Briefing reporters Monday, 4 February following a meeting with stakeholders, the project consultant and Head of the Technical Support Unit at the Ministry, Dave D. Diawoo says the forum was intended to keep all stakeholders abreast on steps that have been taken.
He says the significant of the meeting was to enable the Ministry of Transport implement the Axle Load Control project, which was legislated on February 24th, 2015by the 53rd Legislature under former President Ellen Johnson Sirleaf.
He explains Axle Load is another means of road safety geared at overseeing deterioration of roads that will stop heavy duty trucks from plying the roads.
“Today was the assumption meeting, where the European Union, National Authorizing Office or NAO, and the German International or GIZ came together to start the ball rolling after which we will engage the various stakeholders that are involved into heavy duty trucks like Cemenco, NPA, Firestone, LPRC, Rock Crushers, among others for them to have their in-house waste station to avoid their heavy vehicles coming on the road with heavy load.”
Diawoo continues that the meeting was specifically about kicking off the Axle Load Control Law, and it is against this backdrop the Ministry thought it wise to bring all majors stakeholders together to implement and enforce compliance.

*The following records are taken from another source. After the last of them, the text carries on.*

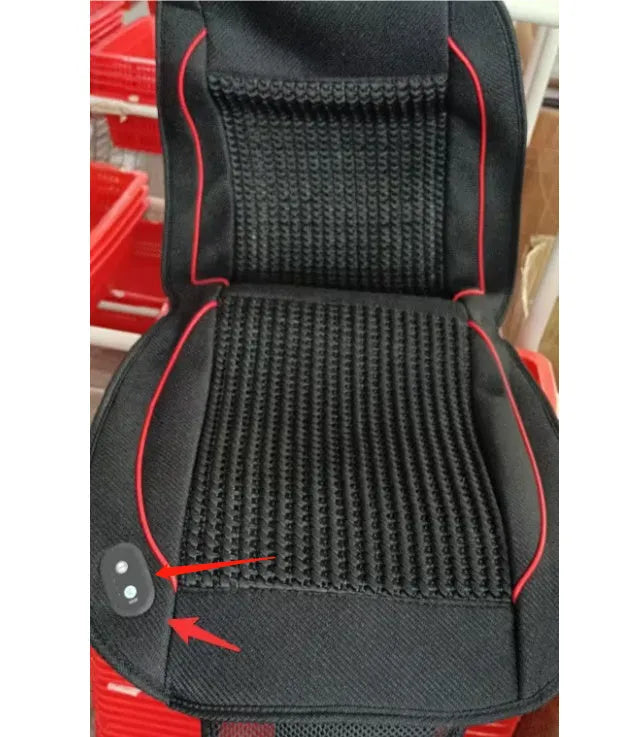 Black square car ventilation seat cushion with massage, showing power cord for 12V or 24V connection.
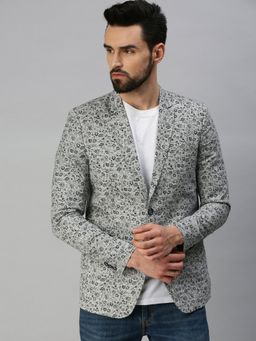 SHOWOFFFF - Men Notched Lapel Single-Breasted Grey Floral Blazer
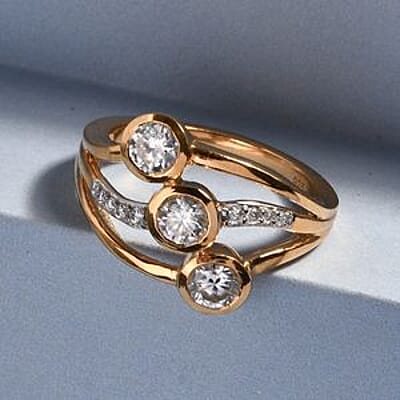 Moissanite 0.71 ctw Ring in 18K Vermeil Yellow Gold Over Sterling Silver (Size 5.5)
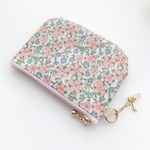 【再販】LIBERTY　Celandine　セランダイン　J14C　ペールピンク　ビニコの中布・仕切りポケット付き　miniまるポーチ◆　コインケース・小物入れに♪ 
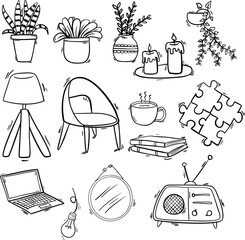 A set of elements is a cozy house. Interior items, dishes. Bed, armchair, furniture, plants. Vector black and white elements drawn by hand. Logo, doodle, sketch, clipart, template, design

The Ministry of Transport was created by an Act of the National Legislature on August 25, 1987 to formulate and administer the transport, insurance and maritime regulations and policies of Liberia.
These include oversight responsibility for execution of policies relating to land, sea and air transport services in the country. It is also mandated to ensure strict adherence to insurance standards and regulations in collaboration with insurance agencies operating in the country.
Diawoo says Firestone, NPA, LPRC and Cemeco are all stakeholders, including rock crushing companies, noting that those companies operate heavy trucks. “We want to know what weight their trucks carry to avoid damaging of the roads, because this project is targeted for 24 months, and after that period we hope to know where to put the waste station.”
He notes the idea to have the Axle Road Control project implemented comes with international best practice, saying countries in West Africa have done this, and this is why the EU is putting in money in order to have Axle Load implementation enforced to ensure road safety.
Transport Minister Samuel Wlue, expresses delight over the conduct of the meeting, which he says will enhance the work of the Ministry in protecting roads across the country.
“We all understand that Axle Load laws are important for the safety of our roads across this country, and it was by no mistake that this meeting is been held, even though I didn’t see a specific timeframe, but I’m glad that with the help of our partners, we can all achieve this”, says Minister Wlue.